- **About this exercise**
The data below should be copied out exactly, with its pictures omitted.

- **Provided material**

-.-.-

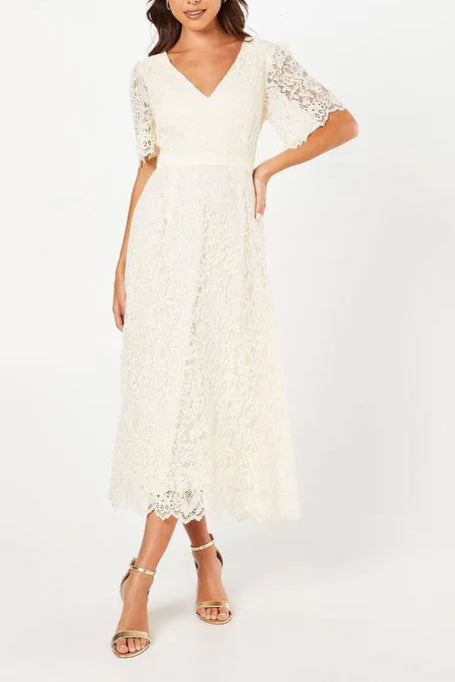 Lace Angel Sleeve Retract Your Waist Midi Mother Of The Bride Outfits Dress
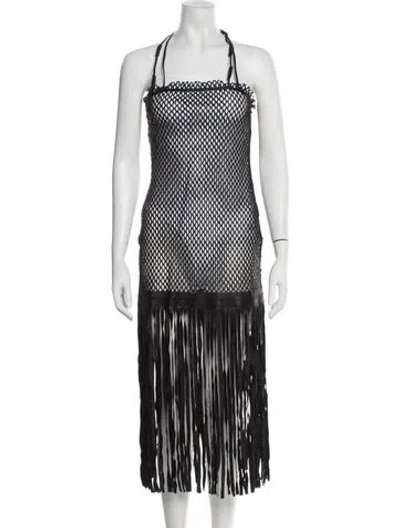 Pre-owned Iro Lamb Leather Midi Length Dress W/ Tags In Black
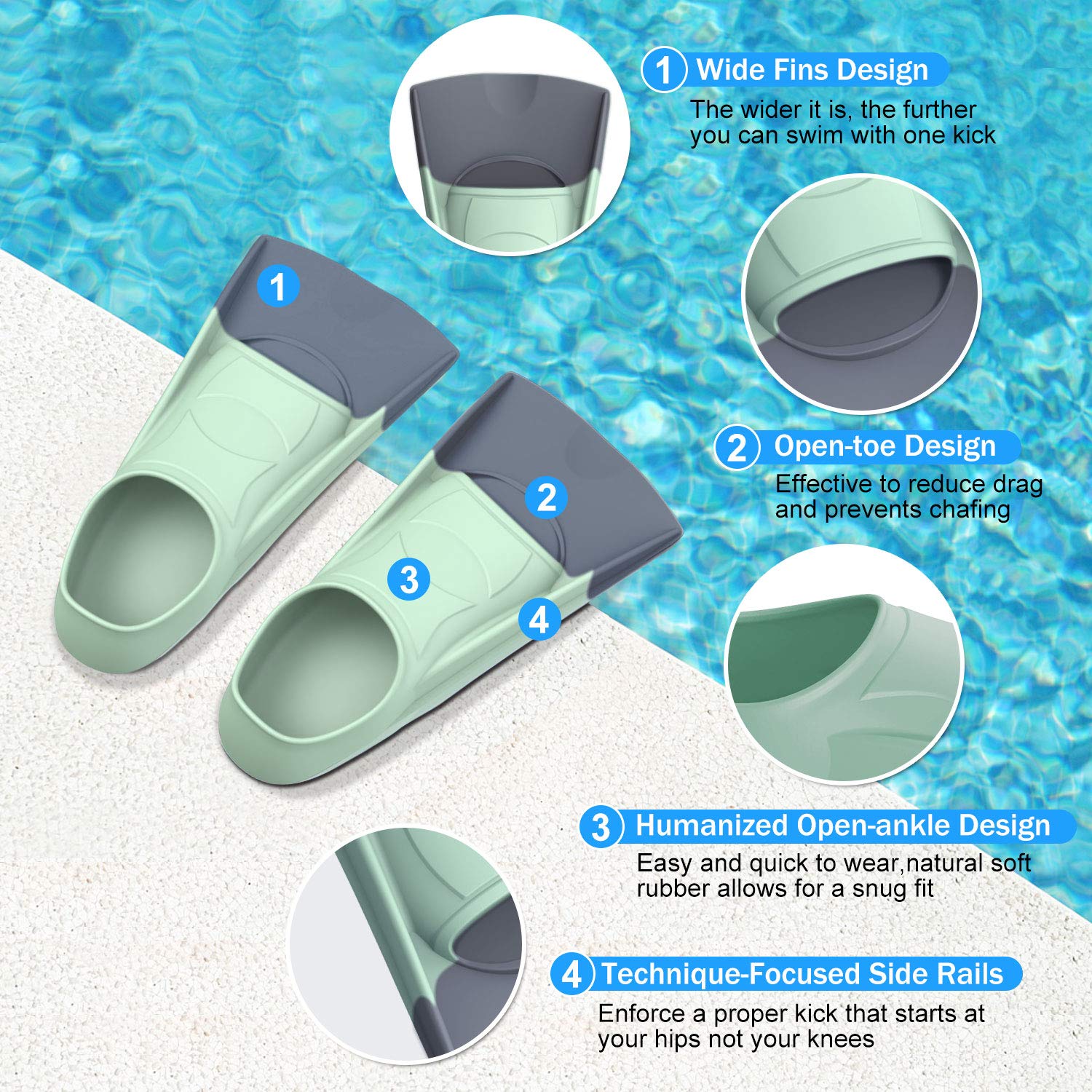 Gintenco Swim Fins, Kids Swim Training Fins for Lap Swimming, Travel Size Flippers with Mesh Bag, Silicone Swimming Fins for Kids Teens Adults Women Men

-.-.-

- **Task result**
 Lace Angel Sleeve Retract Your Waist Midi Mother Of The Bride Outfits Dress
 Pre-owned Iro Lamb Leather Midi Length Dress W/ Tags In Black
 Gintenco Swim Fins, Kids Swim Training Fins for Lap Swimming, Travel Size Flippers with Mesh Bag, Silicone Swimming Fins for Kids Teens Adults Women Men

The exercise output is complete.